Pulser - Receivers in ultrasonic testing

Ultrasonic pulser - Receivers are well suited to general purpose ultrasonic testing. Along with appropriate transducer and an oscilloscope, they can be used for flaw detection and thickness gauging in a wide variety of metals, ceramics,and composites. Ultrasonic pulser - Receivers provide a unique, low - cost ultrasonic measurement capability. The pulser section of the instrument generates short, large amplitude electric pulses of controlled energy, which are converted into short ultrasonic pulses when applied to an ultrasonic transducer. Most pulser section have very low impedance out puts to better drive transducers. Control functions associated with the pulser circuit include.
1)   pulse length or damping (The amount of time the pulse is applied to the transducer)
2)    pulse energy (The voltage applied to the transducer. Typical pulser circuits will apply from 100 volts 800volts to a transducer)  in the receiver section the voltage signals produced by the transducer, which represent the received ultrasonic pulses, are amplified. The amplified radio frequency (RF)  signal is available as an output for display or capture for signal processing. Control functions associated with the receiver circuit include.
3)   signal rectification ( The RF signal can be viewed as positive half wave, negative half wave or full wave
4)    Filtering to shape and smooth return signals.
5)     Gain, or signal amplification.
6)      Reject control.
The pulser - Receiver is also used in material characterization work involving sound velocity or attenuation measurements,  which can be correlated to material properties such as elastic modulus. In conjunction with a Stepless gate and a spectrum analyzer, pulser - Receivers are also used to study frequency dependent material properties or to characterize the performance of ultrasonic transducers. 

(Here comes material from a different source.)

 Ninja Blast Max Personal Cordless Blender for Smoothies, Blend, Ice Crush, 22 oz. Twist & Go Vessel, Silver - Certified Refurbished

Transducer modeling in ultrasonic testing.

In high -technology manufacturing, part design and simulation of part inspection is done in the virtual world of the computer.  Transducer modeling is necessary to make accurate predictions of how a part of component might be inspected, prior to the actual building of that part. Computer modeling is also used to design ultrasonic transducers.
As noted in the previous section, an ultrasonic transducer may be characterized by detailed measurements of its electrical and sound radiation properties. Such measurements can completely determine the response of any one individual transducer.
There is ongoing research to develop general models that relate electrical inputs (voltage, current) to mechanical outputs (force,velocity)  and vice - versa. These models can be very robust in giving accurate prediction of transducer response, but suffer from a lack of accurate modeling of physical variables inherent in transducer manufacturing. These electrical -mechanical response models must take into account the physical and electrical components in the figure below.
The Thompson -Gray measurement model, which makes very accurate predictions of ultrasonic scattering measurements made through liquid - solid interfaces, does not attempt to model transducer electrical -mechanical response. The Thompson -Gray measurement model approach makes use reference data taken with the same transducer (s) To deconvolve electro - physical characteristics specific to individual transducer.
The long term goal term goal in ultrasonic modeling is to incorporate accurate models of the transducer themselves as well as accurate models of pulser-receivers, cables, and other components that completely describe any given inspection setup and allow the accurate prediction of inspection signals.